Everyone in the Ruhr region has the Wolfgang Petry "Best of" CD at home.

"At our house, his music used to be playing over and over. I would entrust every Ruhr native to have Wolle Petry on his shelf somewhere. He absolutely belongs to the Ruhr. 'Wahnsinn', 'Bronze, Silber und Gold' and all the other hits – it's a must for everyone in the region. If you don't sing along, things can get difficult."

The collieries, coking plants and industrial buildings have really spoilt the landscape.

"That's simply part of the "Pott", that's what makes it special. Every city has its own charm. But they all have the miners' mentality, which is why these buildings simply fit in with the people. That's why I think it's part of the cult and gives us character. What's more, many sites have now been beautifully restored, for example the Zollverein colliery in Essen, which is a World Heritage Site."

Football is more important than anything else, including religion.

"Yes, 100%. Football comes first; they live for it in the "Pott". That applies regardless of the city. People would give the shirt off their backs to go to the stadium. That's why football is even more special in the Ruhr region, and you notice it at away games in Bochum, Dortmund or Gelsenkirchen."

Let's be honest now: the home of the Currywurst is not in the Ruhr region, it's Berlin.

"Ah, that's the biggest lie. I can't accept that; it makes my hair stand up on end. (laughs) There are many great things about the Ruhr region, but the greatest is the Currywurst. That's the way it is. Food tester "Jumbo" Schreiner from Galileo has already confirmed that; he must know. Herbert Grönemeyer doesn't sing about it for no reason either. Berlin is a beautiful city, but they don't get close to our Currywurst there. This still applies today: if you come to my house, I can always offer you a Currywurst. I always have the "real" Bratwurst from Dönninghaus in Bochum in the freezer. You can be sure that I make the best Currywurst in Heidelberg."

To finish off: the Ruhr region is much better than one thinks?

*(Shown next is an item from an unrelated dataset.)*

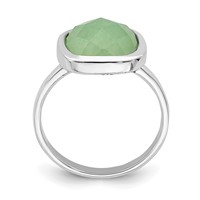 Sterling Silver Rhodium Plated Green CZ Ring view 2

"Yes, I think so. There are certainly many people who don't get on well with the Ruhr region. But I was born and grew up there, and I really like the mentality. Everyone talks freely and it's easy to make connections everywhere. If you go into a pub on your own, you'll be chatting away within five minutes. The people can be harsh, but they all have a good heart. The human element makes the Ruhr region much nicer on the inside than the outside may suggest."